The initialisation code should be self-explanatory, as it is similar to the reception code, except that the source is now the ring buffer and the destination the UART. We disable DMA and generate an interrupt on completing the major loop with the following line:
DMA0->TCD[DMA_TX_CHAN].CSR = DMA_CSR_BWC(2) | DMA_CSR_INTMAJOR(1) | DMA_CSR_DREQ(1);
This whole process has to be kicked off, and that is done in
SciPut(), the function
which is called to send a character out by loading it into the FIFO. Having done this,
it checks to see if a transmit DMA transfer is currently running. If so there is nothing to do.
However, if it finds that a DMA is not already running, it starts a DMA transfer. In this
scenario, there can only be a single character in the FIFO (the one just placed there) and
so this first DMA transfer can always be set for a count of one.
DMA0->TCD[DMA_TX_CHAN].CITER_ELINKNO = DMA_CITER_ELINKNO_CITER(1);
DMA0->TCD[DMA_TX_CHAN].BITER_ELINKNO = DMA_BITER_ELINKNO_BITER(1);
DMA0->SERQ = DMA_SERQ_SERQ(DMA_TX_CHAN);
In the DMA completion interrupt routine, if there are still characters in the ring buffer, we start a DMA transfer for those characters:
n = ((uint32_t)StSciTxInPtr >= DMA0->TCD[DMA_TX_CHAN].SADDR) ?

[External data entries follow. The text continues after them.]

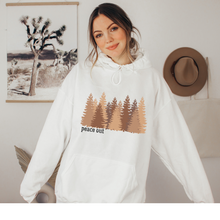 Load image into Gallery viewer, Women&#39;s Peace Out Cozy Hooded Sweatshirt in White, Grey or Sand, Adventure, Hiking, Camping Hoodie Colorado Mountains Sweatshirt
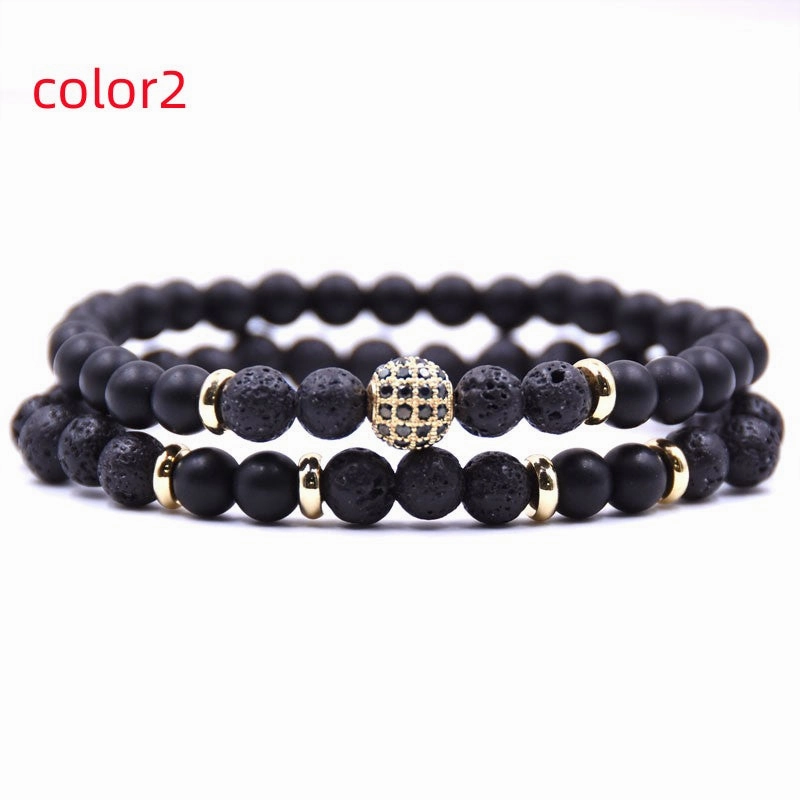 Natural Stone Bracelet Set 8mm Disco Ball Charms Bracelets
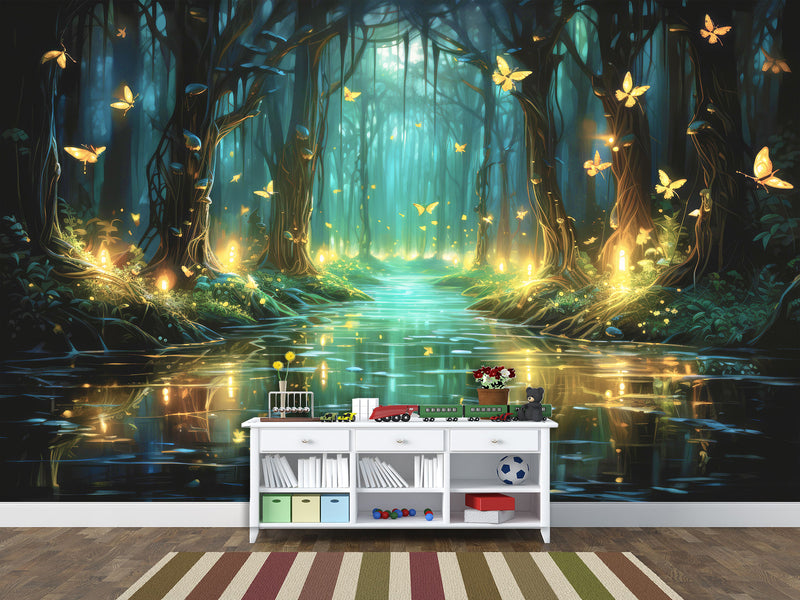 Non-Woven Magical Forest Wall Mural Peel & Stick Kids Room Wallpaper
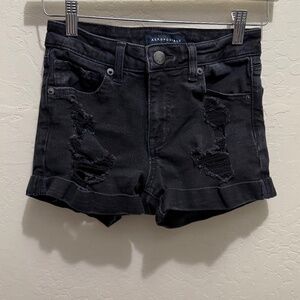 Aeropostale high rise midi ripped black denim shorts 0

(uint32_t)StSciTxInPtr - DMA0->TCD[DMA_TX_CHAN].SADDR :
SCI_TX_BFR_SZ - (DMA0->TCD[DMA_TX_CHAN].SADDR - (uint32_t)StSciTxInPtr);
DMA0->TCD[DMA_TX_CHAN].CITER_ELINKNO = DMA_CITER_ELINKNO_CITER(n);
DMA0->TCD[DMA_TX_CHAN].BITER_ELINKNO = DMA_BITER_ELINKNO_BITER(n);
DMA0->SERQ = DMA_SERQ_SERQ(DMA_TX_CHAN);
StTxDmaRunning = false;
Note that we use a flag variable (
StTxDmaRunning) to allow
SciPut() to determine whether
a DMA transfer is still running. It is not appropriate to use the DMA
bit, as that could change midway through
With this strategy, and assuming characters are being loaded into the FIFO at
speed (say from a call to
printf()), what typically happens is that a series of
DMA transfers occurs, the first for a single character and successive ones for increasing
numbers of characters.
sci_edma.c and sci_edma.h contain the DMA-based drivers based on the techniques described above. They are written for the NXP MKE16F512, but should be able to be readily ported to other NXP devices with the eDMA module.